- The Washington Times - Thursday, January 11, 2018

Statisticians have tried to put parameters on what “clutch” means. The process of doing so is at odds with the preeminent argument from the numbers world that “clutch” does not exist. But, for measurement purposes, the NBA stat heads have framed the term around what occurs when a game is within five points with less than five minutes to play. That’s the working framework.

By that definition, the Washington Wizards are woeful. Just watching suggested that late-game struggles have defined this positive but less-than-ideal season so far. There are also numbers to back that up, numbers that don’t even include some of the non-boxscore miscues that helped sink the Wizards Wednesday night against the depleted Utah Jazz.

Start with general field-goal percentage. Washington falters as the game moves along. It opens at 48.5 percent from the field. In the fourth quarter, that number dips to 42.3. That’s 27th in the league.

There’s more. The Wizards are 26th in the league in second-chance points allowed in the fourth quarter. They are 24th in field-goal percentage “in the clutch.” They are 19th in 3-point percentage “in the clutch” and 23rd in net rating, at a staggering -12.

Much of the late-game failure can be attributed to Washington’s star players, John Wall and Bradley Beal. Their numbers late in close games are abysmal.

Beal’s shooting falls to 30.2 percent from the field and 21.1 percent from behind the 3-point line in the late-and-close situations. Across all quarters, his career averages in those categories are 44.3 and 39.4. So, his 3-point percentage has been sliced almost in half this season when his shooting matters most.
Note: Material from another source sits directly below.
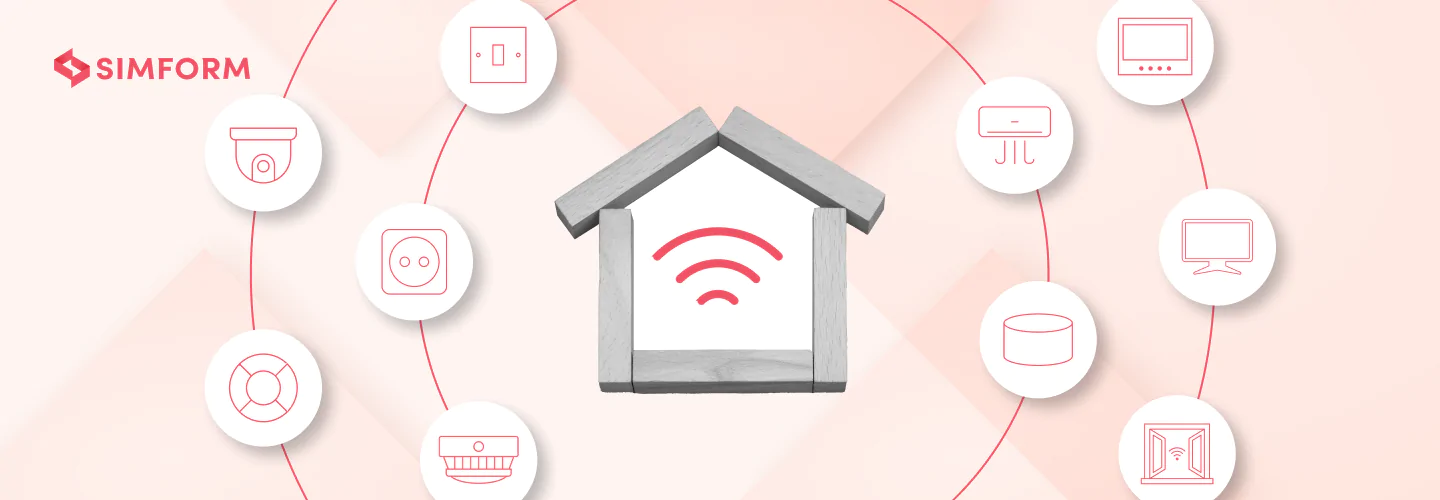 Home automation using iot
The results for Wall are also as poor. He is shooting 28.9 percent from the field and 21.4 percent from behind the 3-point line in the last five minutes of close games. That’s down from overall career numbers of 43.2 and 32.3, respectively. The sample sizes of late play in a half season versus career numbers needs to be taken into consideration. However, the comparison illustrates how off-course from the norm the dip becomes for Washington’s two best players.

This, in part, explains the story the eyes have told about Washington letting games get away from it late in games this season.
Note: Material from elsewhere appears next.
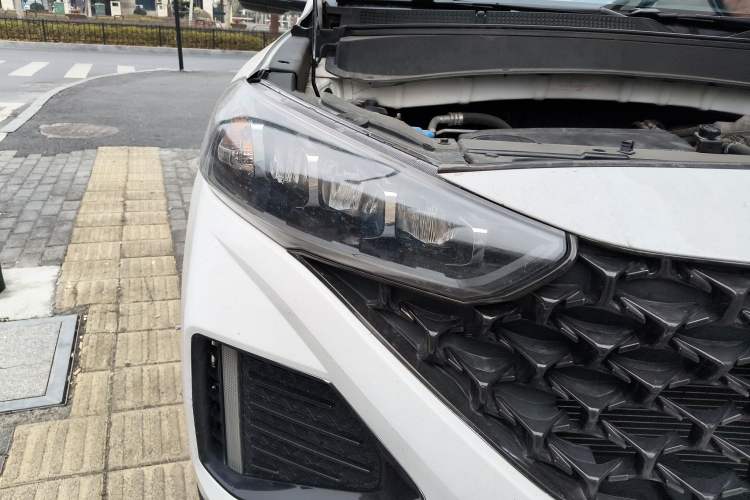 Used Hyundai ix35 2021 240TGDi DCT Two-Wheel-Drive GLS Leading Edition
There are other end-game issues, too, which were displayed in Wednesday’s loss to Utah.

That night, Kelly Oubre Jr. committed two errors that resulted in six points. First, sedentary Jazz small forward Joe Ingles beat Oubre with a backdoor cut. On the recovery, Oubre fouled Ingles as he scored. That occurred with 6:05 to play. Five minutes later, Oubre left Ingles to help against a driving Donovan Mitchell. Mitchell passed out to the open Ingles, who made a go-ahead 3-pointer with 1:08 to play. It was the only 3-pointer Ingles made on the night. The Jazz did not trail again.

“Mental lapses, man,” Oubre said. “What do you want me to say? It’s on me. As a player, I got to do a better job of staying disciplined. I got to do a better job of making sure my man doesn’t score the game-leading three.

“That’s on me. I got to do a better job of pretty much locking in, making sure my man doesn’t do the things he wants to do. I put that on myself 100 percent.”

The errors infuriated Wizards coach Scott Brooks. Postgame, he mentioned both plays followed with the assessment, “can’t happen.”

Oubre’s mistakes that night are coming from a 22 year old midway through his third season. The shooting issues for Wall and Beal late in games are rooted among the team’s leaders.

Last season, Beal was much better in these particular situations, going along with the overall increase in his offensive efficiency. Beal shot 43.3 percent “in the clutch.” Wall was also better last season, when he shot 41.2 percent in these situations. Their past performance only makes their current one more noticeable.

Washington, five games over. 500 and on pace to win 46, opens the second half of the regular season Friday at home against Orlando. An area of cleanup is clear, and it starts late in the game with the team’s two best players.